The 57-year-old Labour MP, who was elected in 1997, informed her Salford and Eccles constituency members at a meeting earlier.
Ms Blears said she had taken the decision with a "heavy heart".
She added she wanted to "spend more time with her family", including her mother Dorothy, who is suffering from dementia.
In a statement, Ms Blears said: "It is a huge privilege to represent the place where I was born, brought up and have lived all my life, so I have taken this decision with a heavy heart."
Ms Blears, a former Labour Party chairman, entered Parliament as MP for Salford in 1997.
She served in Gordon Brown's cabinet as Secretary of State for Communities and Local Government from 2007 to 2009.
Ms Blears resigned from the government on the eve of European and local elections and later went on to win the Salford and Eccles seat in 2010 after boundaries were redrawn.
In 2009 she decided to repay £13,332 after it emerged she had not paid capital gains tax on the sale of a property.
Expenses claims leaked to the Daily Telegraph showed the MP had declared her south London as her primary residence for tax purposes but the Commons authorities were told it was her second home, allowing her to claim hundreds in parliamentary expenses.

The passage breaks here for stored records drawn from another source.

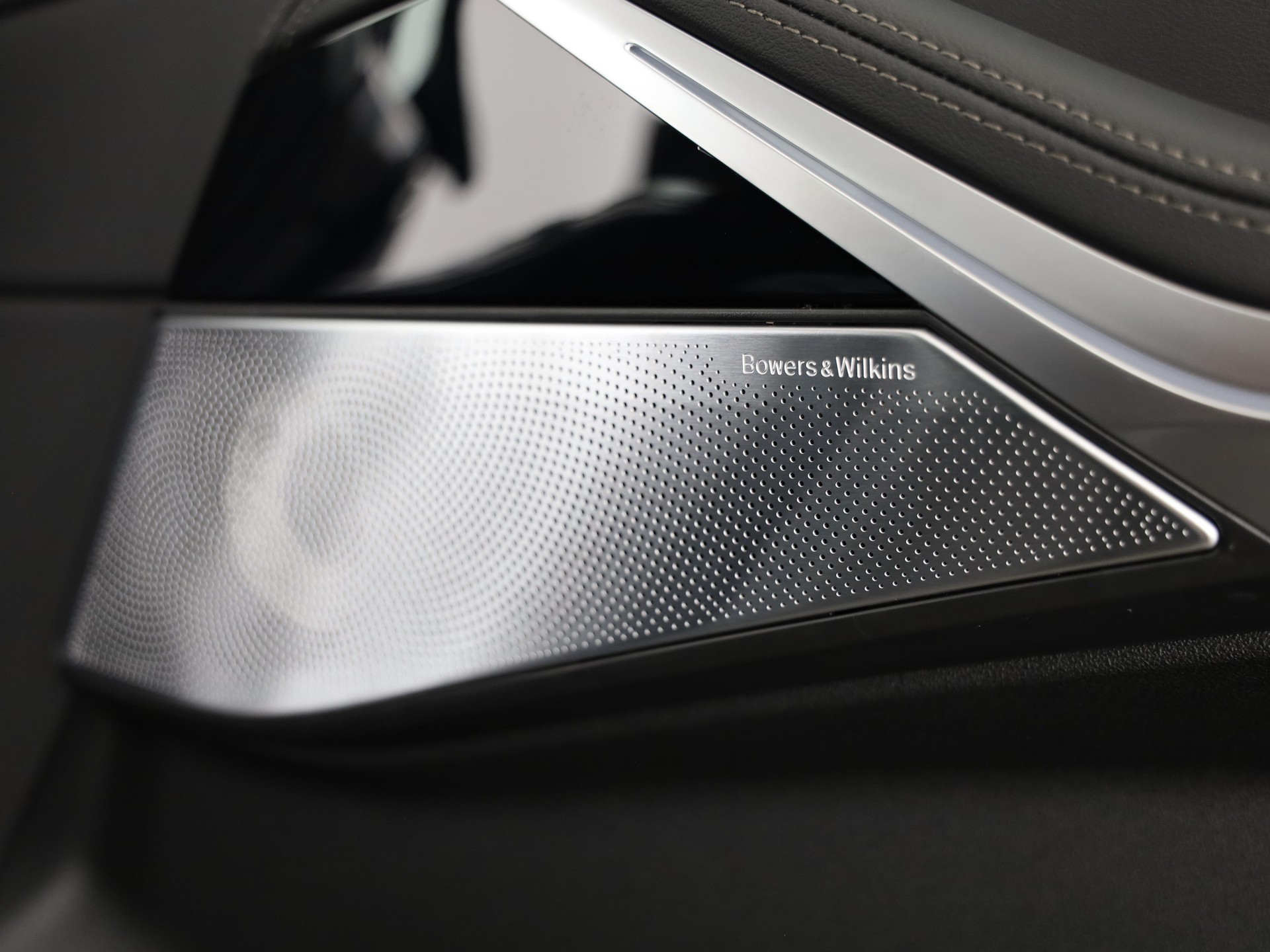 BMW X5 M60i xDrive-image-12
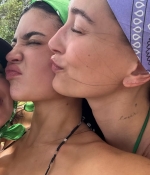 Access_Kardashian_53~0.jpg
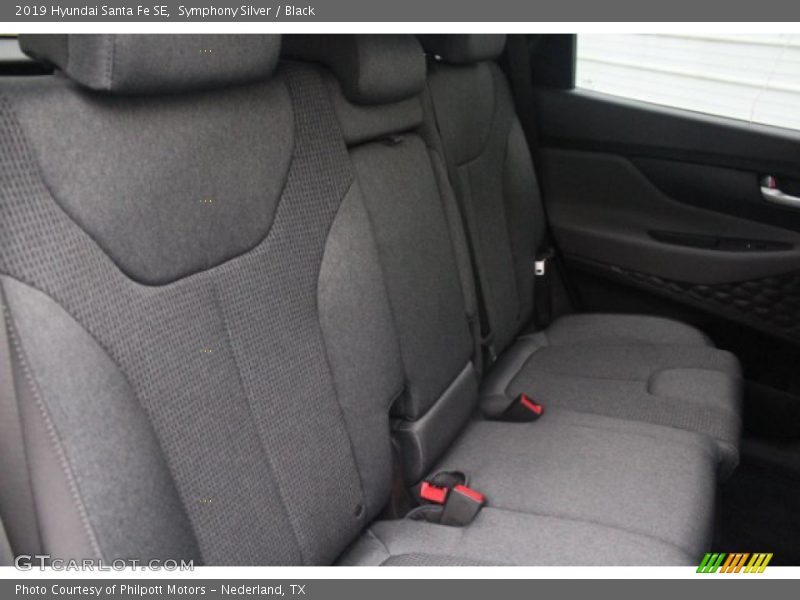 Symphony Silver / Black 2019 Hyundai Santa Fe SE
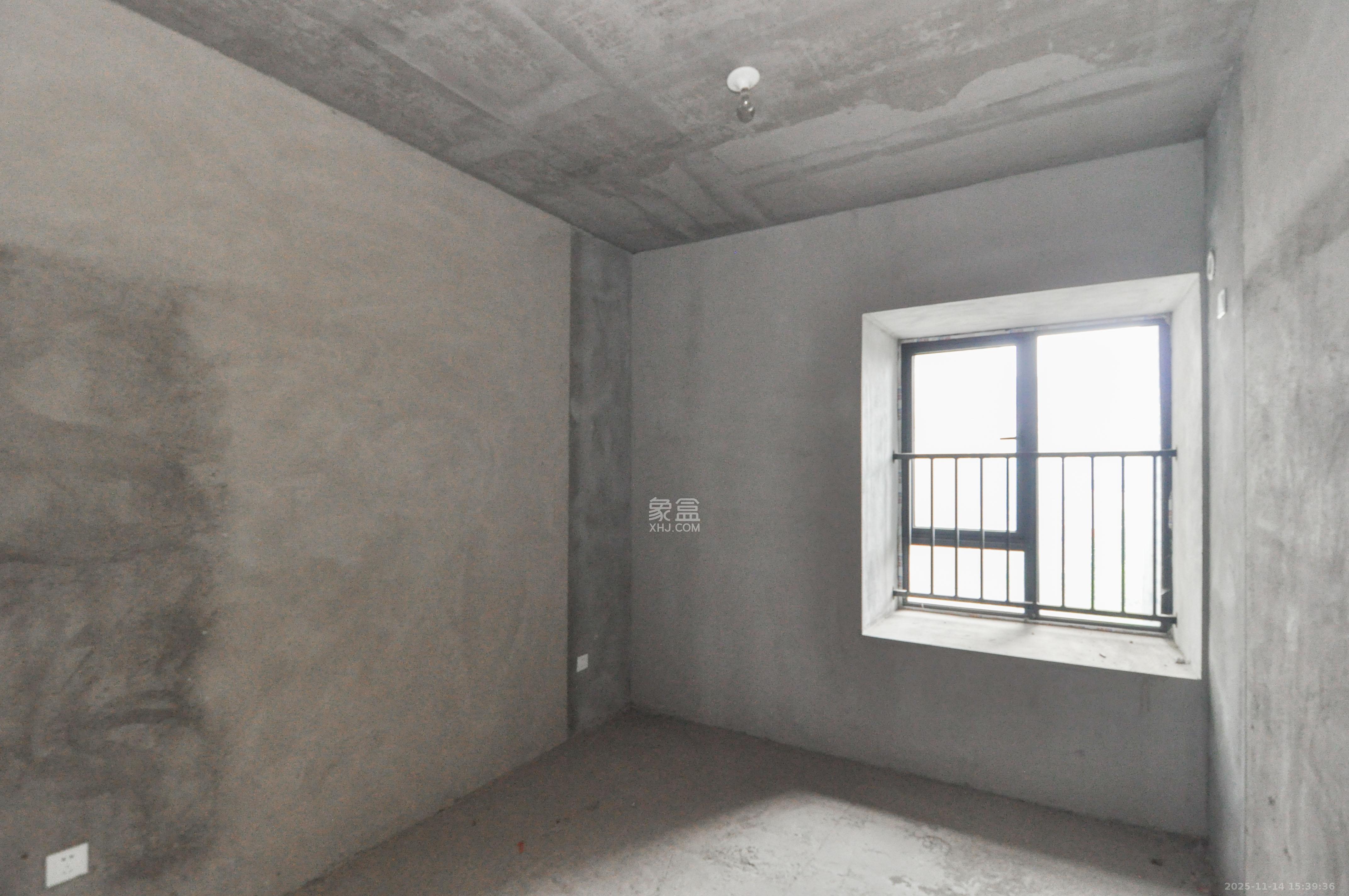 璞悦府  4室2厅2卫    146.0万其他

Although her actions had been within the expenses rules for MPs, they were described as "totally unacceptable" by the then-prime minister.
In her statement announcing her plans to leave Parliament, she highlighted her work securing investment for her constituency.
It mentions her lobbying for the BBC to relocate some of its departments to Salford and her promotion of Clare's Law.
The scheme gives people the right to ask police if their partners have a record of domestic violence and was named after one of her constituents who was murdered by her partner.
Ed Milliband, leader of the Labour Party, tweeted: "Hazel Blears has been a brilliant MP. Always fighting for those in most need. Parliament will miss her."
Paul Wilson, chair of the Salford and Eccles Labour Party, said: "Throughout the last 17 years, Hazel has been an excellent public servant for the city.
"Her relentless drive to serve Salford has delivered a huge number of achievements, most notably helping to improve the living standards and job opportunities in the city."